Accelerated acquisition of pseudogenes in human and mouse lineage

We dated the origin time of pseudogenes and assigned 14,136 human and 13,685 mouse pseudogenes annotated by GENCODE project [27] into different branches based on the presence and absence of orthologs in the vertebrate phylogenetic tree (Fig. 1a, b) (See “Methods”). In line with the previous report, we identified 2069 orthologous pseudogenes between human and mouse, and the sensitivity was similar (2069 vs 2237 from Gentree) [28]. Meanwhile, we observed the age distribution of pseudogenes with one peak at the dawn of primate lineage, which might mainly result from retrotransposition events (Fig. 1a) [29]. There was an accelerated acquisition of pseudogenes in rodent lineage (Fig. 1b), which was confirmed by one previous report on a recent successive burst of mouse processed pseudogenes based on the analysis of transposable elements [9]. The results recapitulated the above peak of pseudogenes when we only focused on processed pseudogenes (Additional file 1: Fig. S1). The larger proportion of inferred young pseudogenes might be due to fast sequence evolution. Alternatively, it might be due to the possibility that the phylogenetic distribution of species used skewed the distribution of estimated ages. To investigate these two possibilities, we examined the sequence conservation of human pseudogenes across vertebrates. We found that conservation was correlated with evolutionary age estimates and that the oldest pseudogenes had the highest levels of sequence conservation (median score ~ 0.78) (Fig. 1c), supporting that the recent gain of pseudogenes was owing to fast evolution. Notably, although young pseudogenes (evolutionary age < 18 myr) had lowest sequence conservation (median 0.1) among all pseudogenes with different ages, they still were more conserved than random intergenic regions (median 0.08, Wilcoxon test, P < 2 × 10−16), indicating the evolutionary constraint of these young pseudogenes. For example, METTL21EP, a duplicated pseudogene derived from methyltransferase METTL21E, originated prior to the divergence of tetrapods and teleost and harbored conserved exons in nearly all vertebrates including zebrafish (Fig. 1d).

Fig. 1
figure 1

Phylogenetic distribution and genomic characteristics of pseudogenes. a, b show the assignments of pseudogenes to the branches of phylogenetic tree of human and mouse, respectively. Scatter plot represents the relationship between evolution branch and the corresponding number of pseudogenes in this branch.
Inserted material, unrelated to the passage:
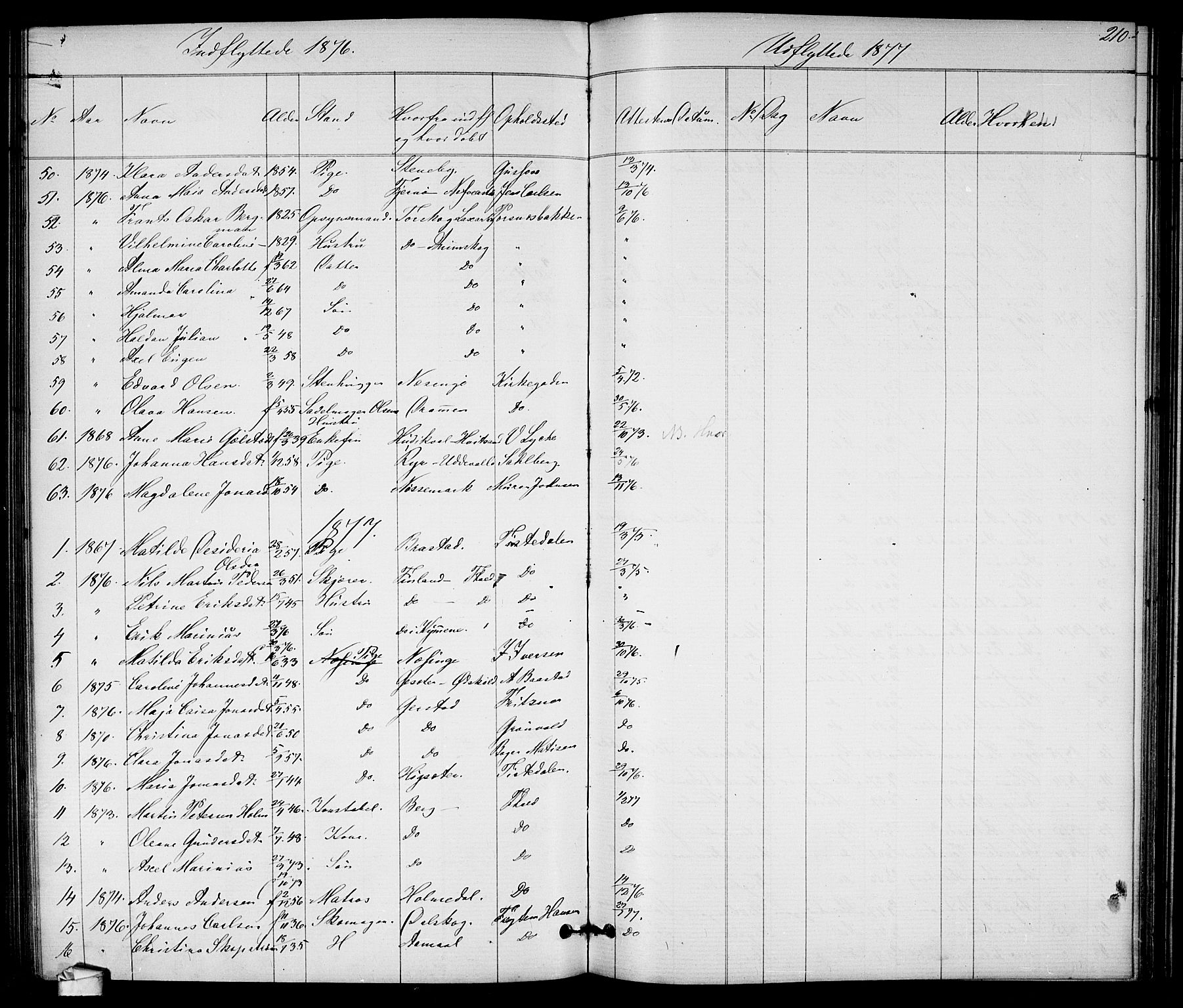 Halden prestekontor Kirkebøker, SAO/A-10909/G/Ga/L0007: Parish register (copy) no. 7, 1869-1884, p. 210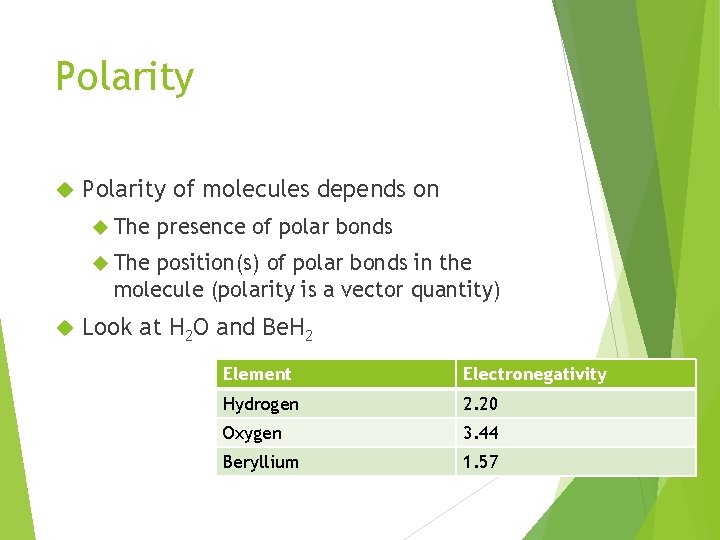 Polarity of molecules depends on The presence of polar bonds The position(s) of polar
The evolutionary time (myr) is defined as the middle point of each branch. c Sequence conservations of randomly shuffled intergenic regions, pseudogenes with different ages, CDS, and untranslated terminal regions. d Genomic profile of the chromosome q33.1 locus. The enlarged picture depicts a highly conserved exon from the pseudogene METTL21EP. The Multiz alignment of 28 vertebrate species, the per-base phastCons, and the phyloP conservation scores are presented. e Proportions of X-linked pseudogenes originating in each phylogenetic branch

We next tracked the chromosomal distribution of pseudogene within 450 myr prior to divergence between tetrapod and teleost, and observed one peak on the X chromosome (Fig. 1e, indicated by red arrow). This burst of pseudogenes occurred after the divergence of eutherian and marsupial (195 myr), which coincided with the first burst of protein-coding genes [30]. Besides, the contribution of this burst of X-linked pseudogenes to the genome (8.65% for human and 8.36% for mouse) was similar to that of protein-coding genes (8~14%). The consistency in time and size of burst between protein-coding genes and pseudogenes suggested that similar to protein-coding genes, some pseudogenes might have function, and this burst might be attributed to the emergence of X chromosome and subsequent recruitment of genes [30, 31]. Additionally, we found an accelerated accumulation of pseudogenes in rodent lineage instead of primate lineage, presumably due to the faster evolution of rodent genome [32]. Based on the distribution of the parent coding genes of pseudogenes, we found an excess recruitment of pseudogenes on the X chromosome (Fisher’s exact test, P < 1.6 × 10−5, Additional file 2: Table S1), which probably accounted for the burst of X-linked pseudogenes. Consistently, this gene recruitment pattern has also been reported in some previous studies of protein-coding genes [33, 34]. In all, above features including such nonrandom chromosomal distribution imply their functionality and inspire us for further analysis.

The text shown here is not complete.